Apple's feeling pretty good about itself lately and why shouldn't it? It sold a million iPads in the first month. That means iPad sales reached a million units twice as fast as the original iPhone. The revenue spigot remains wide open and I'm sure investors are happy, but Apple has shown a few signs lately it may be getting a little too big for its britches.
Consider these recent news stories:Just last week, it announced it was shuttering the Lala music service just months after purchasing it.
Steve Jobs got even crankier about Flash posting a public letter on the Apple web site, which prompted some observers to wonder if it was a case of the pot calling the kettle black.

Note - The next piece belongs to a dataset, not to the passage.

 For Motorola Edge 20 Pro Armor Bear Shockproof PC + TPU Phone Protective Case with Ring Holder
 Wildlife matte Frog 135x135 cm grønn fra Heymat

Apple recently prevented developers from using any third party development tools to develop iPad and iPhone apps, which has anti-trust regulators sniffing around.
It got me thinking that Jobs and company are beginning to resemble the 1990s Microsoft throwing around its considerable weight and generally pissing people (and governments) off. Maybe it's time to take Apple down a notch.
First, There was Lala
Lala was an interesting experiment that started to make some headway when Google began including Lala in music search results. If copyright allowed, you could play a whole song one time. After that, you got a 30 second snippet. Lala technology could have given Apple the ability to create a subscription service for iTunes, but it doesn't look like that's going to happen. Instead, we have another case of a predatory corporation buying and then killing off a good service.
Oh That Flash Thing Again
Steve Jobs can't leave Flash alone. Just last week he published a now-famous memo outlining six reasons he hates Flash. It's especially laughable when you consider that some, such as Ben Michael Ward , have called Jobs on his claim that Flash replacement, the H.264 video codec is in any way open. Ward writes:
"The H.264 video codec is not open. It is patent encumbered, and there is a financial obstacle to license those patents."

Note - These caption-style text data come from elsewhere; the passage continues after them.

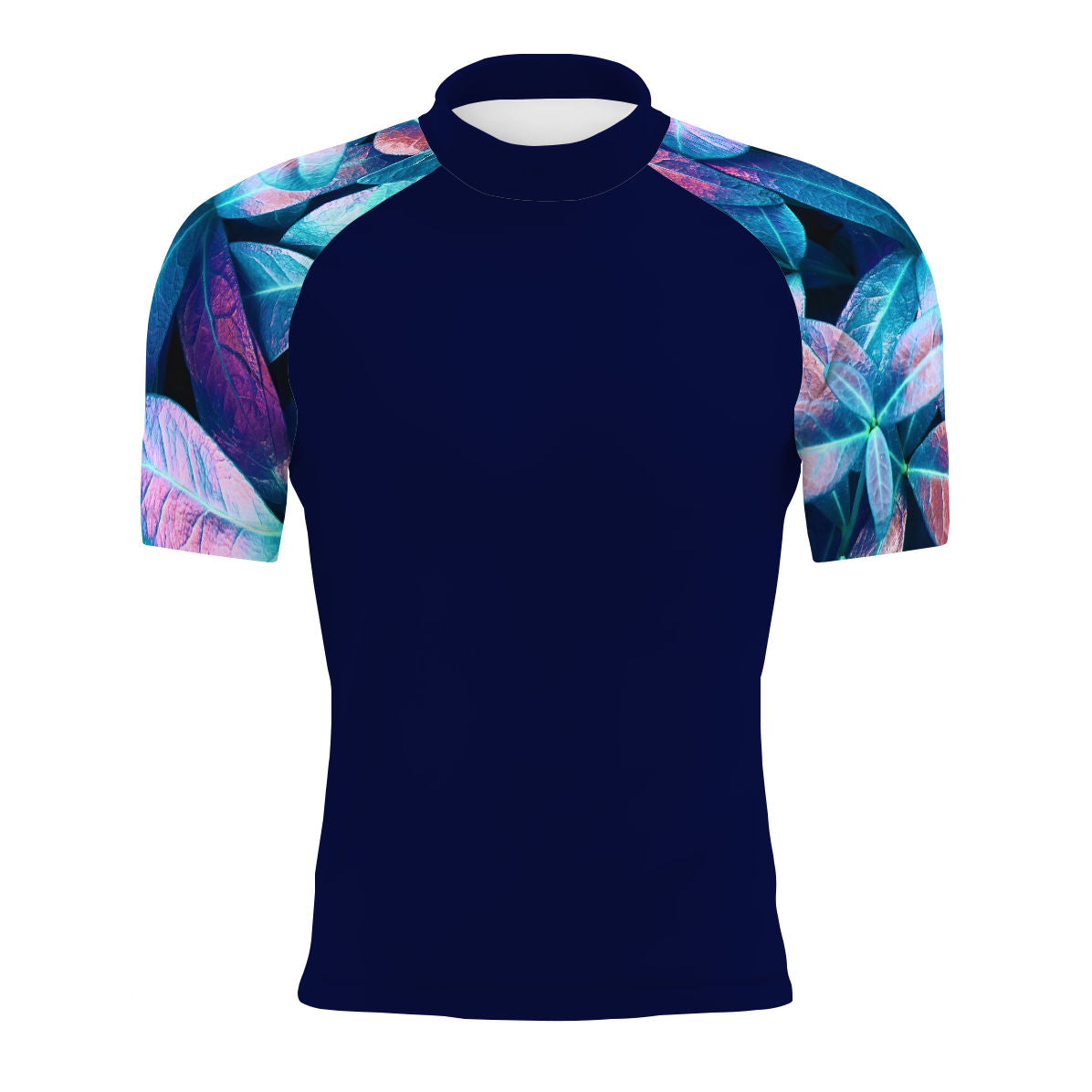 Neon Leaves - Men's Surf UPF50+ Short Sleeve Rash Guard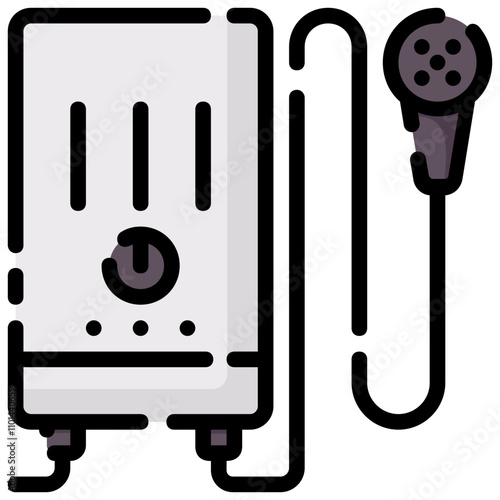 power shower filled outline vector icon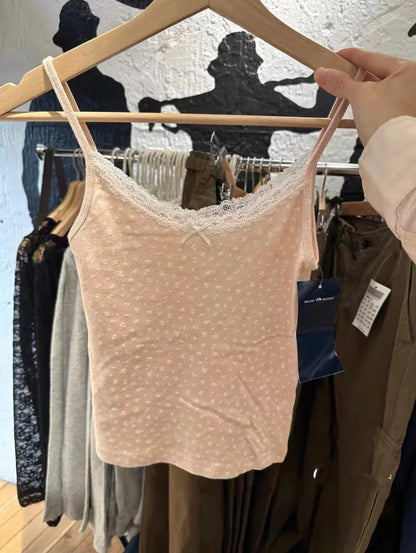 Retro Patchwork Ribbed Cotton Tops Women Summer Sweet Ruffle Square Collar Sleeveless Bow Camis Vintage Chic Slim Crop Top 2024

Jobs wants us to believe his approach is the best, but it's not clear that it's any better or just a case of 'meet the new boss, same as the old one.'Federal Government Meet Mr. Jobs
Meanwhile, the federal government is taking an interest in Apple after the company refused to allow developers to use third-party development tools. In a NY Post article , Josh Kosman explains:
According to a person familiar with the matter, the Department of Justice and Federal Trade Commission are locked in negotiations over which of the watchdogs will begin an antitrust inquiry into Apple's new policy of requiring software developers who devise applications for devices such as the iPhone and iPad to use only Apple's programming tools.
As Apple sales increase, so does its desire to control the process as much as it possibly can. I have made no secret how much I like Apple products and the iPad is no exception (as I wrote in my DaniWeb review ), but Apple's arrogance seems to grow with its sales and it may be time to cut them down to size.